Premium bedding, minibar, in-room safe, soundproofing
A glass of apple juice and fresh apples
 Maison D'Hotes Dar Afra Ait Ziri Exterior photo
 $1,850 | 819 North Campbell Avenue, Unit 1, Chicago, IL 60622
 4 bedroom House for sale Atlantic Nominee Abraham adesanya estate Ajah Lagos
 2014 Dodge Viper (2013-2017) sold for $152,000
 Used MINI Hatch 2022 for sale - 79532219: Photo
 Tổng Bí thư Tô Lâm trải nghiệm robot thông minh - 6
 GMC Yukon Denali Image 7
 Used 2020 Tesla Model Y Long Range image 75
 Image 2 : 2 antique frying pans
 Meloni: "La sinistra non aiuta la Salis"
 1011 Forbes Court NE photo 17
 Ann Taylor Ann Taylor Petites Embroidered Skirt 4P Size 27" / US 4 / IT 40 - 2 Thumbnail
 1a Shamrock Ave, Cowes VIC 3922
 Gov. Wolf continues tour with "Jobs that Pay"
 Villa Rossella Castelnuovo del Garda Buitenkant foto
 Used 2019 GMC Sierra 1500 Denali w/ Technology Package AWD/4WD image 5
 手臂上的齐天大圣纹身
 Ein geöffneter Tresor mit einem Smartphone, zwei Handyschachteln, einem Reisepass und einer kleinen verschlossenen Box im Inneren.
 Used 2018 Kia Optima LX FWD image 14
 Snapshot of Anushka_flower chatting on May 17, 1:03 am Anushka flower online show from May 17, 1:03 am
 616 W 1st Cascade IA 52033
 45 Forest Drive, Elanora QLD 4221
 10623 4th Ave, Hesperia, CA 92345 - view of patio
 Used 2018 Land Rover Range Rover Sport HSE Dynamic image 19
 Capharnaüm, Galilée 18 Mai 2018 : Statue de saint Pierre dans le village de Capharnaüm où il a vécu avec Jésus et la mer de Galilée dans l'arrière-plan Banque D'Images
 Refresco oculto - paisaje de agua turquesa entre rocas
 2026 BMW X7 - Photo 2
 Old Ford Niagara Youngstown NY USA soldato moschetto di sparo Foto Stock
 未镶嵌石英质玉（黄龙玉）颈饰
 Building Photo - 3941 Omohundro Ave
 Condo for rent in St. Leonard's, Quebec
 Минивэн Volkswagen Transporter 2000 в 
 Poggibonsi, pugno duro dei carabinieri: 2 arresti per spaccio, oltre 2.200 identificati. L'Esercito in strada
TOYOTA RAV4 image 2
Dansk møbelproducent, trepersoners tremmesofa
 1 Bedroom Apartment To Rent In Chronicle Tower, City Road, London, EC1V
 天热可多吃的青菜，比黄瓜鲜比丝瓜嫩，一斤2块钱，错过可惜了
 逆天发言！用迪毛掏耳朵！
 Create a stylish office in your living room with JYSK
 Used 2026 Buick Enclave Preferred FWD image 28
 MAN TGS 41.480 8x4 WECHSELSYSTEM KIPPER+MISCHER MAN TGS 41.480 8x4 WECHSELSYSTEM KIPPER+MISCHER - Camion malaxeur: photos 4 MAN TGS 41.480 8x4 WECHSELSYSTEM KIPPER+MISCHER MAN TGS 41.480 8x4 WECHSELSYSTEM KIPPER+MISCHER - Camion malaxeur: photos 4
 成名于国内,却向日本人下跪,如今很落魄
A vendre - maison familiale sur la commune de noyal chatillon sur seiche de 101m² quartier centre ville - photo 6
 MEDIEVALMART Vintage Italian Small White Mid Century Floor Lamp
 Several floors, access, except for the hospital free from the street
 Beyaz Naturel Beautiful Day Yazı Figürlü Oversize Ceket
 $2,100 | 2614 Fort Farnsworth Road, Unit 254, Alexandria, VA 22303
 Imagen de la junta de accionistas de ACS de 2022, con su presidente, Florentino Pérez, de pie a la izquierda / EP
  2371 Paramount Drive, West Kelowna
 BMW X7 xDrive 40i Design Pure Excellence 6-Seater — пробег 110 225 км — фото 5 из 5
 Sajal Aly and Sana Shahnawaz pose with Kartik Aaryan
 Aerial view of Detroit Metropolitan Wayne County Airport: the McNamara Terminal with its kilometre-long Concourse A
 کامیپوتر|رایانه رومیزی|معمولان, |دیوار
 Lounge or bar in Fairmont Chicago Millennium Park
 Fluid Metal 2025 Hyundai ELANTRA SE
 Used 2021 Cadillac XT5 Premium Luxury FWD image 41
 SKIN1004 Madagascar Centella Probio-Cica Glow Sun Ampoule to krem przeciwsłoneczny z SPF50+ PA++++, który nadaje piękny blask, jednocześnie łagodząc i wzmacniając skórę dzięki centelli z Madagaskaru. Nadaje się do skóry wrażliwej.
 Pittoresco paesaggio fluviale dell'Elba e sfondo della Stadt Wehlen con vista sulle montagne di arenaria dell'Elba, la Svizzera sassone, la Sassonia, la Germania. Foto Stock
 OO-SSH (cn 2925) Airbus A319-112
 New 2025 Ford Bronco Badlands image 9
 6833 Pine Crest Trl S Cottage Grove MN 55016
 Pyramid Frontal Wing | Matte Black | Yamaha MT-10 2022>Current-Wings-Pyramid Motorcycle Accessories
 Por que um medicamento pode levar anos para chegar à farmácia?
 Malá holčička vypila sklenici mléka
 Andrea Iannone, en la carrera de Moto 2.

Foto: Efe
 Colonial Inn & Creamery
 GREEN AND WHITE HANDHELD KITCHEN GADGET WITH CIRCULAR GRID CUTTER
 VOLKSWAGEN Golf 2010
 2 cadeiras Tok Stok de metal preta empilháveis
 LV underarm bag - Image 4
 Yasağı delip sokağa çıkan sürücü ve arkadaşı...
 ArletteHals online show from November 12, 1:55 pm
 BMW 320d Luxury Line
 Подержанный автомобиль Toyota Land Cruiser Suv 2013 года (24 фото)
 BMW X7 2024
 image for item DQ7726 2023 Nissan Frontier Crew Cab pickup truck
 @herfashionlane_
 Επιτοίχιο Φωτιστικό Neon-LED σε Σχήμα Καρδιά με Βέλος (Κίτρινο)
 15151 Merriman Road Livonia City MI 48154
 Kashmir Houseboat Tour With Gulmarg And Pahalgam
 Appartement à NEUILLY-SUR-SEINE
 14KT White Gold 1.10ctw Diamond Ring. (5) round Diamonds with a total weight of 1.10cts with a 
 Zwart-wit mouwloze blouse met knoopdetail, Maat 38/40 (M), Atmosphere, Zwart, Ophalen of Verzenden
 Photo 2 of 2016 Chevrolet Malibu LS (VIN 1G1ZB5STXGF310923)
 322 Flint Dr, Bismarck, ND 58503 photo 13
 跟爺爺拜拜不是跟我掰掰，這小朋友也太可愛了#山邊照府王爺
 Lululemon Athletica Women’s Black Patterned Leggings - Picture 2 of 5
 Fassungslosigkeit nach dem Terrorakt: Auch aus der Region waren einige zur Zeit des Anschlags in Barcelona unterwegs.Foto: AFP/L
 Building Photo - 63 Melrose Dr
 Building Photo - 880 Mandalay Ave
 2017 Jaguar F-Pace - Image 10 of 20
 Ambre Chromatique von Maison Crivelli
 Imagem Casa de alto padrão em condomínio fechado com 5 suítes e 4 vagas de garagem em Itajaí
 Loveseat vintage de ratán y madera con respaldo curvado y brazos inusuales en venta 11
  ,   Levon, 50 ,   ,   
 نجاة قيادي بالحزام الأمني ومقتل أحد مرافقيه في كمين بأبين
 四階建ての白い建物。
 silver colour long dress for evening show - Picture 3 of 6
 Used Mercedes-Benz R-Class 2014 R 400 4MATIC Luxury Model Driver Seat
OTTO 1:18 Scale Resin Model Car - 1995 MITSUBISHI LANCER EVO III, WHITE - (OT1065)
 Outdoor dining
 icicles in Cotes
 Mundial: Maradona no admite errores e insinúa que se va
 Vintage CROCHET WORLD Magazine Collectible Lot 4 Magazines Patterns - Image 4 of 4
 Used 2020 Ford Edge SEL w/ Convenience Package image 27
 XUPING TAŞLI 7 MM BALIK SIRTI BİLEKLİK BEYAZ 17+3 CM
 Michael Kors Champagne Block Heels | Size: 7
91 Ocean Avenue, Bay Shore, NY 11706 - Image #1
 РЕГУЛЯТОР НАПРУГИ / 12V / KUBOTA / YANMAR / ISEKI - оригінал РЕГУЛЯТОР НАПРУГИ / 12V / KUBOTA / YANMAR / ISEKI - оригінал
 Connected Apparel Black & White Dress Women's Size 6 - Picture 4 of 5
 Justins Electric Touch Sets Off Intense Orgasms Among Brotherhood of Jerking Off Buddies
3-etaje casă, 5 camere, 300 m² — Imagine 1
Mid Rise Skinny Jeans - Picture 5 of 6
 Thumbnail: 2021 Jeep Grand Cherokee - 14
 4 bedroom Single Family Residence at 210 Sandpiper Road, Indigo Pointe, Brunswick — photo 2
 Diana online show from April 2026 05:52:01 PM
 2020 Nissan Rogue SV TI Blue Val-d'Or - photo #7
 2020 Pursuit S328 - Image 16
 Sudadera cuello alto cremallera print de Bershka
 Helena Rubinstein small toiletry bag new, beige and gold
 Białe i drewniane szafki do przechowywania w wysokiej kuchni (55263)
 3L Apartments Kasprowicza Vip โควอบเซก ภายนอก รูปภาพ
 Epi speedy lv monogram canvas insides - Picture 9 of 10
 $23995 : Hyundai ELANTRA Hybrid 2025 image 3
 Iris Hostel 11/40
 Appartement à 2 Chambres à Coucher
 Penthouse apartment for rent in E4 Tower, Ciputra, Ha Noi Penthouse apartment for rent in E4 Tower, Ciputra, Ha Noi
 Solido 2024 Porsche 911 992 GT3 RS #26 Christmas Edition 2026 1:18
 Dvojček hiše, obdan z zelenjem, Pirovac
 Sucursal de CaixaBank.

• • • • • • •

- Problem to solve
When the line with "1 Bedroom Apartment" is reached in the data above, begin copying, and stop after the line with "Used 2026 Buick"; copy each line exactly, both ends included.

- Task output
 1 Bedroom Apartment To Rent In Chronicle Tower, City Road, London, EC1V
 天热可多吃的青菜，比黄瓜鲜比丝瓜嫩，一斤2块钱，错过可惜了
 逆天发言！用迪毛掏耳朵！
 Create a stylish office in your living room with JYSK
 Used 2026 Buick Enclave Preferred FWD image 28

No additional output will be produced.